Western governments wants to stay in power. The Chinese government doesn't have to worry about staying in power.
Oh, I don't know about that, the author does a good job of outlining it:
Nomura describes the Volcker parallel as “positive praise for Beijing”, and in one sense it is. The Communist Party at last seems determined to lance the boil. But Xi’s petulant shake-up of the economy is also an ideological repudiation of the Deng Xiaoping formula credited with lifting the country out of poverty. His “common prosperity” campaign looks all too like a neo-Maoist purge.

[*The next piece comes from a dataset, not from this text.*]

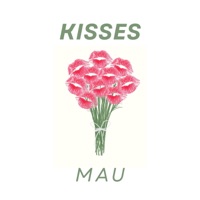 KISSES - Single - Mau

It amounts to a declaration of war on “disorderly capital” and swaths of the private sector - the only dynamic part of China’s economy. The regulatory mugging of internet platforms, fintech, video games, ride-hailing, after-school tutoring, food delivery, and e-cigarettes - with “rectifications” to match - has echoes of the Cultural Revolution.
Those who know how the world economy really works are trying to head off a debacle. “We must be vigilant against “common prosperity” becoming a Great Leap Forward or something that blights development,” said Li Daokui, a former rate-setter at the central bank and a Davos fixture.
“Everyone can feel that a profound change is taking place,” he stated, proclaiming an end to China’s love affair with Western culture and “return to the essence of socialism”. It was framed as a fight to the death with the West, the unvarnished Xi doctrine.
The showdown has exposed China’s Achilles’ heel: its reliance on imported hi-tech components and chips, the fuel of the digital economy.
Hedge fund veteran George Soros this week floated the possibility of a systemic financial crash and an educational reckoning for tourist investors from the West. But I find it hard to imagine a Lehmanesque “Minsky” meltdown in a system where the state retains iron control over banks.
“The Party craves two things above all: control, and stability. If the property market falters, the consequences for the Chinese economy will be savage. They will not want to take that risk before next year’s Party Congress,” he said. The forum is supposed to be the ultimate coronation of “helmsman” Xi.
Xi's in danger of overdoing it. The Chinese have gotten a taste of capitalism and China wouldn't want to end up like every other communist regime before it trying to reign in control of people's wealth to exert power.